[Dataset excerpts]
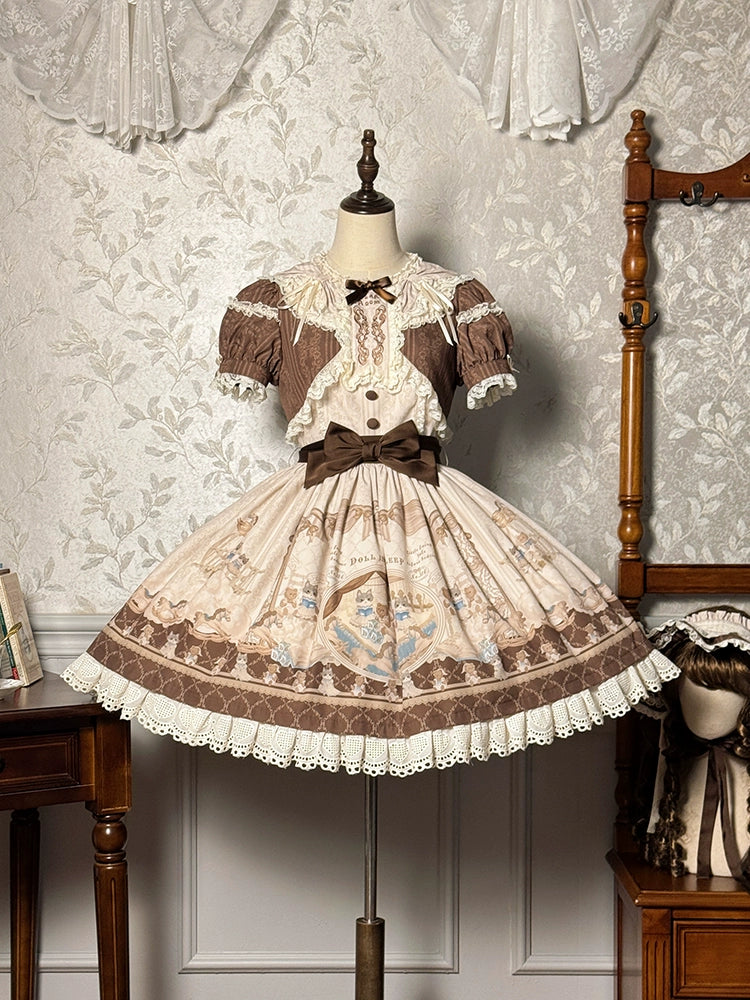 Alice Girl - Sea Salt Fairytale - Sweet Doll-like Lolita OP Animal Printed Lolita Dress Brown OP Only XS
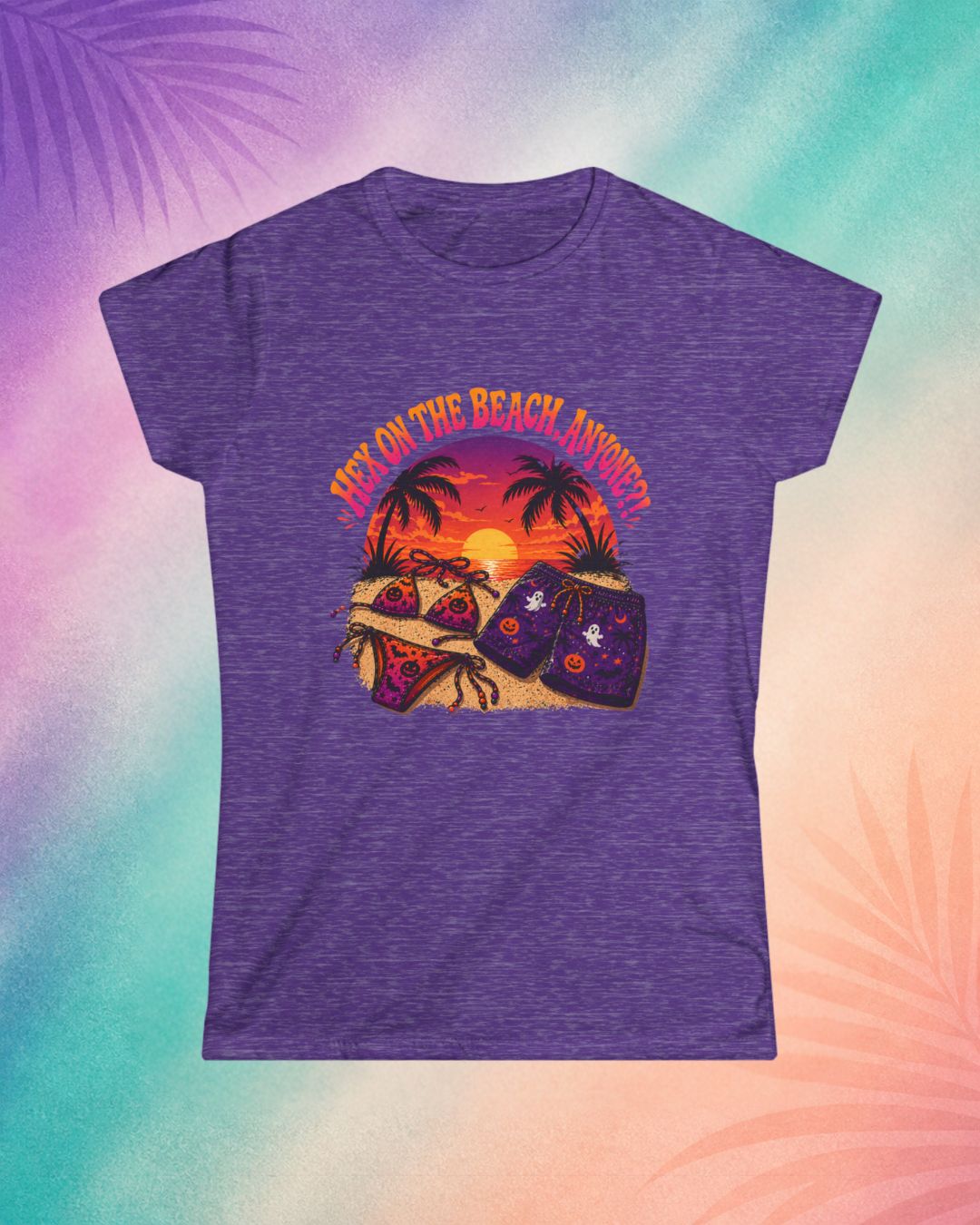 Purple summerween shirt with hex on the beach graphic cute spooky beach outfit idea for women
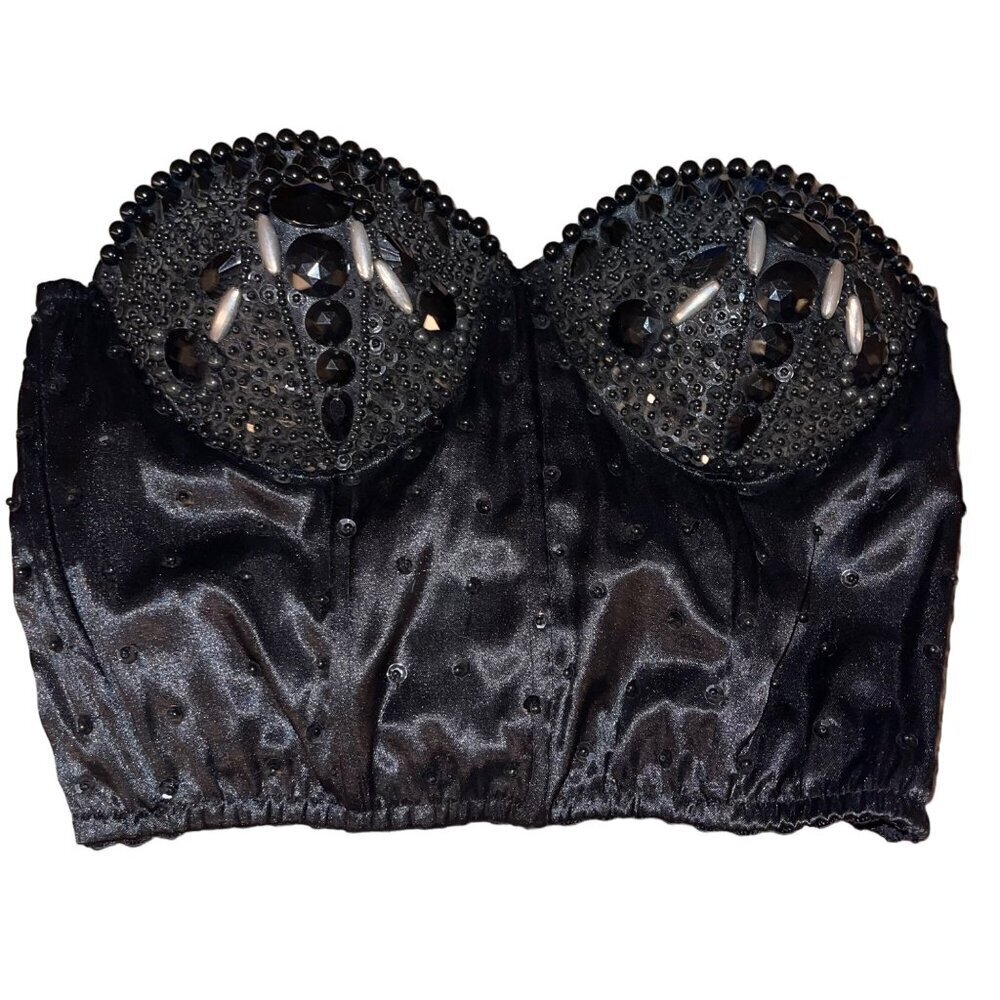 Mina Collection Womens Top Size Medium Black Beaded Corset Bustier Pure Cotton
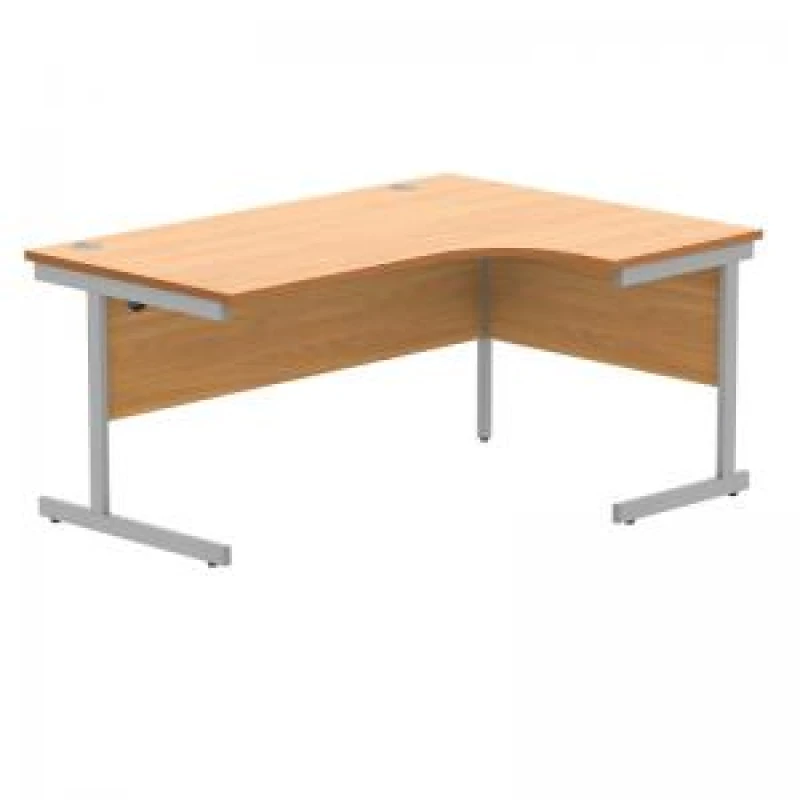 Image of Astin Radial Right Hand SU Cantilever Desk 1600x1200x730mm Norwegian Beech/Silver KF824091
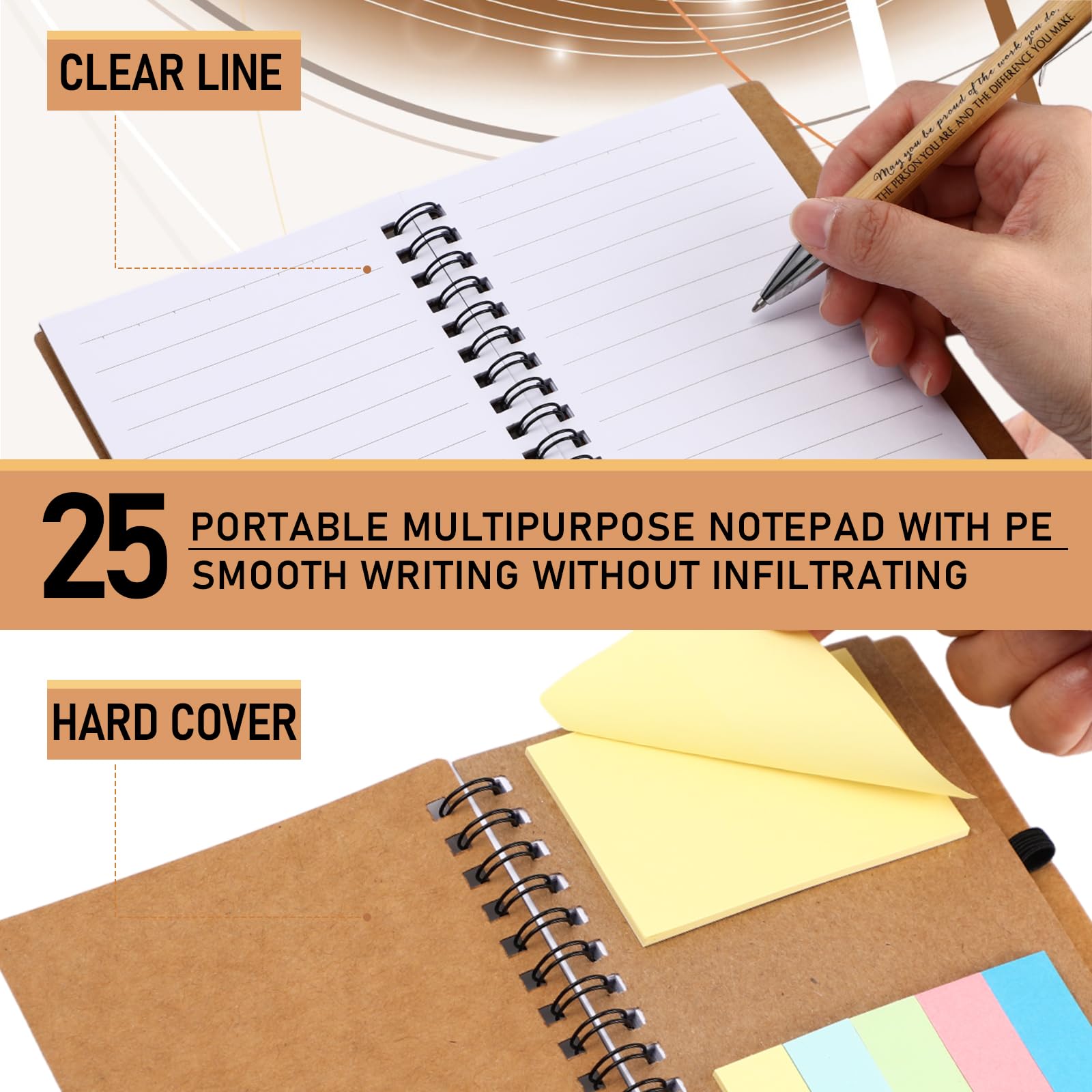 Jetec 25 juegos de cuadernos inspiradores a granel para el regreso a clases, cuaderno motivacional con bolígrafo y bloc de notas adhesivas, regalo de agradecimiento para profesores, estudiantes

▶ _TRY IT_: Pictures stay out of this copy. Retype exactly the lines from the one with "Mina Collection Womens" through the last line of the data, both ends included, and nothing more.

▶ _SOLUTION TO THIS EXERCISE_:
 Mina Collection Womens Top Size Medium Black Beaded Corset Bustier Pure Cotton
 Image of Astin Radial Right Hand SU Cantilever Desk 1600x1200x730mm Norwegian Beech/Silver KF824091
 Jetec 25 juegos de cuadernos inspiradores a granel para el regreso a clases, cuaderno motivacional con bolígrafo y bloc de notas adhesivas, regalo de agradecimiento para profesores, estudiantes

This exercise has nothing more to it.